While it is normal for an industry association to lobby government on behalf of its members, it is striking how such a large proportion of the AFPA lobbying effort is focused on fisheries and Species at Risk Act topics. What’s more, the number of meetings the AFPA has requested, and received, with DFO has notably increased recently as protection mechanisms for species at risk trout have been implemented.
Lobbying efforts by the AFPA must be paying off. Instead of DFO requiring the industry to follow the strict provisions in federal legislation, they are now issuing permits to allow the destruction of critical trout habitat. In a perverse effort to avoid the provisions of the legislation DFO directs industry to undertake some perfunctory compensatory actions.
Worse yet, the mitigation features observed are cosmetic, unsuitable, and incapable of any meaningful compensation for lost habitat. Mitigation is used as an administrative panacea, not an effective ecological solution to the issues of habitat loss for species at risk trout. It’s treated as a “get-out-of-jail-free” card.
For the trout the reality is the rules are weak suggestions, creating the most minimal of impediments to logging. The Forestry Division uses “deviations” from the operating ground rules as stepping stones to avoiding getting wet in the river of responsibility to protect both biodiversity and watershed values. DFO offers up some cosmetic mitigative suggestions to permit destruction of critical habitats. Logging interests lobby regulators to ensure “if the minimum is set low enough we cannot fail.”
The Forestry Division cannot effectively provide oversight since they are part of the problem. It is impossible to simultaneously allocate timber, promote logging, and provide effective management and enforcement. Even as policy and regulations are touted as strong, accountability is a loose thread that unravels the contention that the forests are subject to effective environmental protection and oversight.
A forest industry representative claimed, “We follow all the guidelines, maintain buffer zones, carefully engineer roads, and logging isn’t a problem for species.” Mostly, they work all the angles to ensure there are few impediments to logging. Industry spokespeople, provincially and nationally, say they act as “proud stewards” of forests and wild critters by cloaking themselves in a faux-green mantle of sustainability. The evidence tells another story, that they are emperors without clothes, naked and greedy.
Forestry is corrupt in Alberta because logging practices are set largely by industry to maximize short-term profits at the expense of forests owned by the people of Alberta.
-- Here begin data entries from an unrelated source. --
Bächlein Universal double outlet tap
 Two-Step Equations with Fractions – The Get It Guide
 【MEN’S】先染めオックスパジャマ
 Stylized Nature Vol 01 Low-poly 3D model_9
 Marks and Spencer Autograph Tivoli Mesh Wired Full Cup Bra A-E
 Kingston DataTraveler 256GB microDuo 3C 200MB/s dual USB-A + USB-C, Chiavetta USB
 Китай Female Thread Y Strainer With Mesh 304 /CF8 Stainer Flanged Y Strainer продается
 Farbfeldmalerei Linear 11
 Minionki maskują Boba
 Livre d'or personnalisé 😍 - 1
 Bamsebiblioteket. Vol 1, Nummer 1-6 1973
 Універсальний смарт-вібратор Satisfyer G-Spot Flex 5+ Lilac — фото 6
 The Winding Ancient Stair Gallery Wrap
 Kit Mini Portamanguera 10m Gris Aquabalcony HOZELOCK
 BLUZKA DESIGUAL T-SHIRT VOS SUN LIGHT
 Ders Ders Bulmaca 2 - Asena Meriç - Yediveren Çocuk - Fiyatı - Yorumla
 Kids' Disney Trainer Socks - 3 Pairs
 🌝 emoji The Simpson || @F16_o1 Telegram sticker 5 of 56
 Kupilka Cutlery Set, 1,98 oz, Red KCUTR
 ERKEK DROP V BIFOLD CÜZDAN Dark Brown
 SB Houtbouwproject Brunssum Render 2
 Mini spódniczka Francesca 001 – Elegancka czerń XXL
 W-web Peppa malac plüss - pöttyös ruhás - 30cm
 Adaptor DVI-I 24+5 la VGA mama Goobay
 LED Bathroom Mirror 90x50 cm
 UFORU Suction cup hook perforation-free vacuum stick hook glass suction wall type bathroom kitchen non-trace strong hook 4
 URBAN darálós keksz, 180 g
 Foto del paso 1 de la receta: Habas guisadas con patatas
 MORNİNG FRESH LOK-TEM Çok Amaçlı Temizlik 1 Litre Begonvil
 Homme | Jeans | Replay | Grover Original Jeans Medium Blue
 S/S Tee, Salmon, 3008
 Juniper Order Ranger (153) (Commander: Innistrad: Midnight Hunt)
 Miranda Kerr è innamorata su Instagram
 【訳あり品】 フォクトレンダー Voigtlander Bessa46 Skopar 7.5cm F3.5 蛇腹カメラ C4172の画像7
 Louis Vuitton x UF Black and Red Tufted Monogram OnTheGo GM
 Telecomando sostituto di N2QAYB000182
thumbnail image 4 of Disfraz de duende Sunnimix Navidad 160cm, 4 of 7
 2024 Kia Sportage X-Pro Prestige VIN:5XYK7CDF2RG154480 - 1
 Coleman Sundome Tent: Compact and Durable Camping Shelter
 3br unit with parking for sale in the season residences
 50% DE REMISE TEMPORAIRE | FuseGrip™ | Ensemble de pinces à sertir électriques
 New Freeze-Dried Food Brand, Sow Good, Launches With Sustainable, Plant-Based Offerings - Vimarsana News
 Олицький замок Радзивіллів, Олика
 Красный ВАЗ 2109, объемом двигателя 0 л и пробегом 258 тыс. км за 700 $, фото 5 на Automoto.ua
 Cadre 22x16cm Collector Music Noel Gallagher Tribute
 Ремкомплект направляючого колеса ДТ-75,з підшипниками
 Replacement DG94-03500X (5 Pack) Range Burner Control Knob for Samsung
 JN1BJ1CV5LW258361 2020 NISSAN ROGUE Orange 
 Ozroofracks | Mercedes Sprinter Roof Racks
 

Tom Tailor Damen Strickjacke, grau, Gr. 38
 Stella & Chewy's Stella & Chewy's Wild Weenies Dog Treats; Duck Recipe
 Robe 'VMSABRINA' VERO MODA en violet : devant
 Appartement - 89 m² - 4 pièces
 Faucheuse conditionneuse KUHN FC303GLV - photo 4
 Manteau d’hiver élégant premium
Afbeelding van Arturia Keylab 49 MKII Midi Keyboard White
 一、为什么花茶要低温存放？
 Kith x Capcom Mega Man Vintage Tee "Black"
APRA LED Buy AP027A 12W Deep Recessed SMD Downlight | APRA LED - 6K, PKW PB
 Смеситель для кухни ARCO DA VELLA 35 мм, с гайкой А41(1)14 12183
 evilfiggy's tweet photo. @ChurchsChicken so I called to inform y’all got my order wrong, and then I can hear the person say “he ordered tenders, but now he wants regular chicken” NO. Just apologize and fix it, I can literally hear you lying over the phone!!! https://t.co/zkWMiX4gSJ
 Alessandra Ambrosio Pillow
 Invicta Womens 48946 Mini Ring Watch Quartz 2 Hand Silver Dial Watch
To counter the relatively fact-resistant response of the industry and the Forestry Division, here are some take home messages on the eight deadly sins of industrial-scale forestry:
- Clear-cut logging increases downstream flood risk and exacerbates drought.
- Many fish and wildlife species and their habitats are harmed.
- Water quality deteriorates.
- Logging does not stop wildfires.
- Sustainable logging is a fairy tale.
- Despite the scale of logging no environmental impact assessments are required.
- Environmental rules are watered down to benefit the timber industry.
- There is little or no regulatory oversight or enforcement.
There may be a pattern of psychological factors at play that lead to these persistent environmental issues with logging. These factors are generally described by Dr Julia Shaw, a criminal psychologist, in her book Green Crime. They are: ease, impunity, greed, rationalization, and conformity. There is a tendency to follow a path of least resistance ignoring obvious compliance issues. With no penalty for compliance failures, there is no incentive to change. Breaking rules saves industry money. If there is a sense non-compliance isn’t harmful, it will persist. Lastly, if political and corporate pressure is applied to maximize economic returns over environmental protection, staff will fall in line and either not follow the rules or not uphold them.
What is required, and in little evidence, is avoidance of issues through better harvest layout, reductions in clear-cut sizes, and improved oversight. This is unlikely to happen until effective and probably punitive enforcement efforts create a pathway for change.
A parking ticket isn’t a crime—it’s an administrative fine. That’s also how serious environmental infractions are viewed—a parking ticket with a few more zeros added. In our forests a stream might run brown like gas station coffee and perhaps as deadly with mud from a poorly constructed logging road. Trout might have their essential habitats smothered by the sediment, or wiped out by floods from too much logging. Administrative penalties for these issues nets even less than the overdue book fines from a library.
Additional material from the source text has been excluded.